[[ Dataset extract, beginning ]]

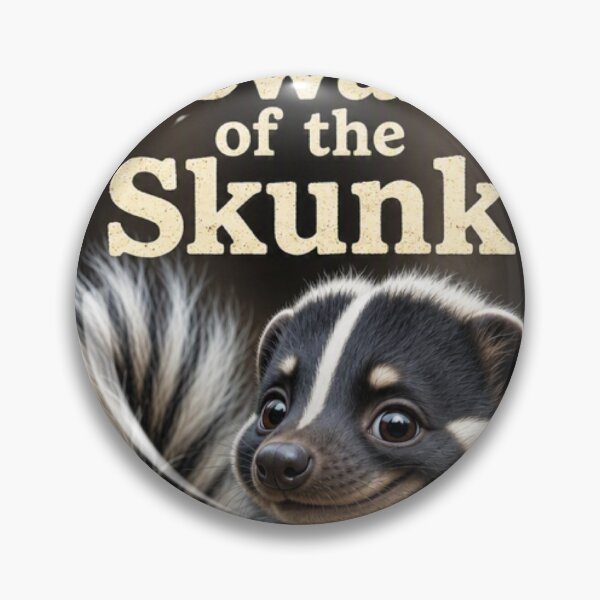 Item preview, Beware of the Skunk Vintage Metal Warning Sign designed and sold by HenryHog.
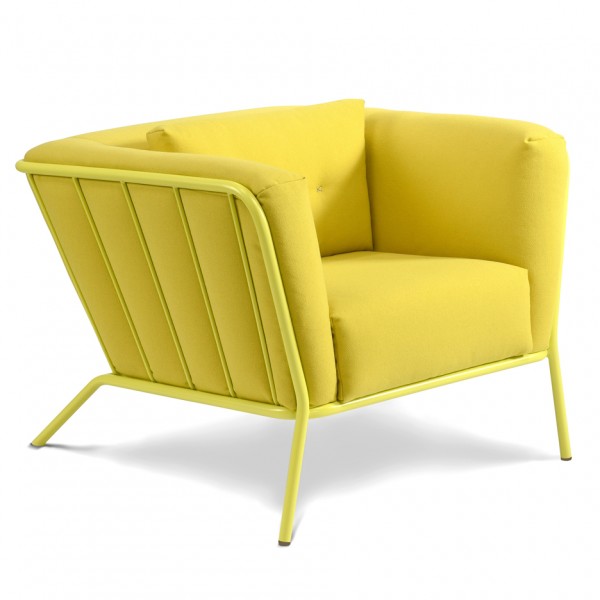 Ineke Hans' Plouf armchair and pouffe for Moome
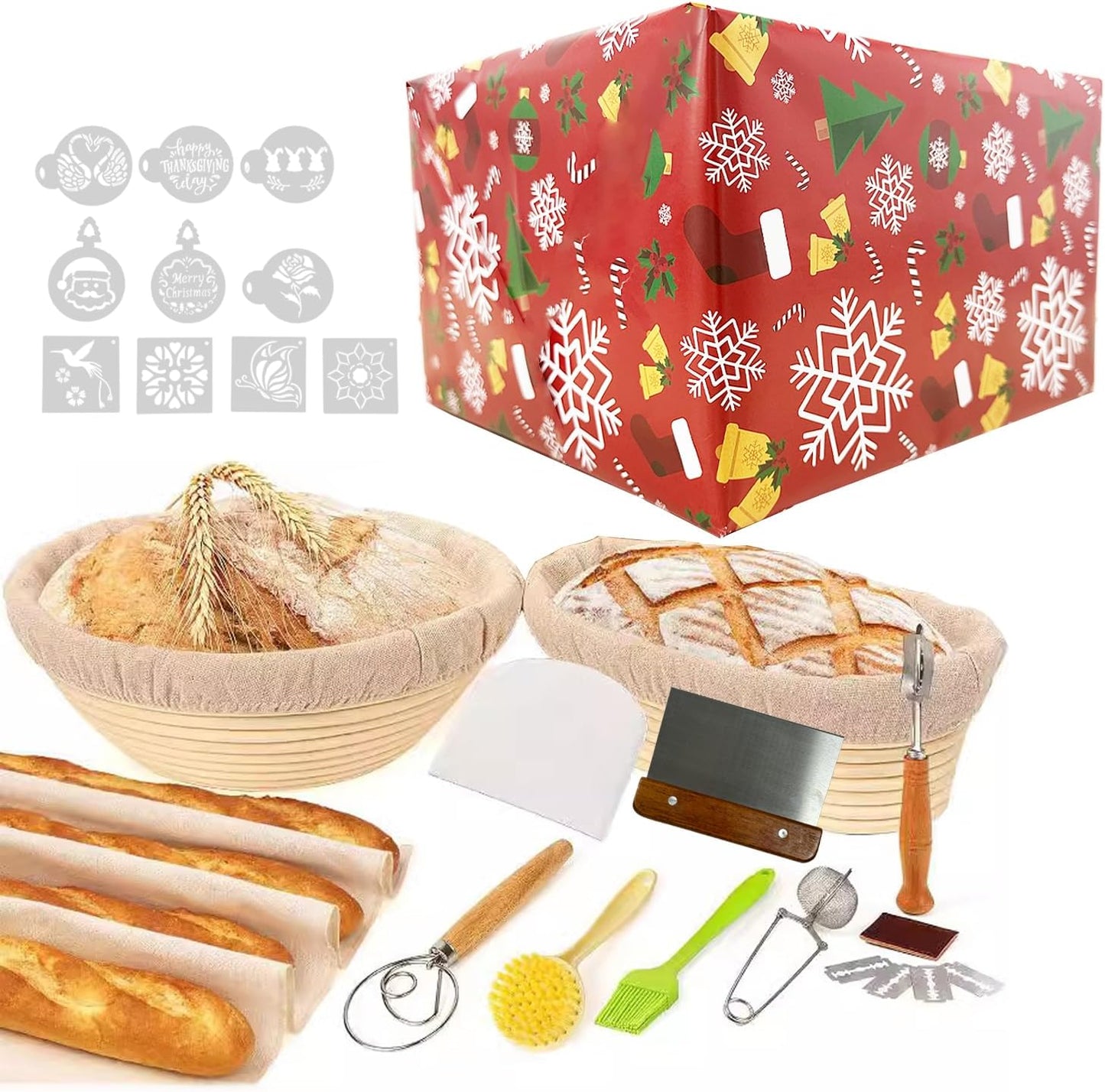 Make Perfect Sourdough with 2 Banneton Sets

[[ Dataset extract, end ]]

Task statement: Repeat every line above exactly, but omit all images.

Result for this exercise:
 Item preview, Beware of the Skunk Vintage Metal Warning Sign designed and sold by HenryHog.
 Ineke Hans' Plouf armchair and pouffe for Moome
 Make Perfect Sourdough with 2 Banneton Sets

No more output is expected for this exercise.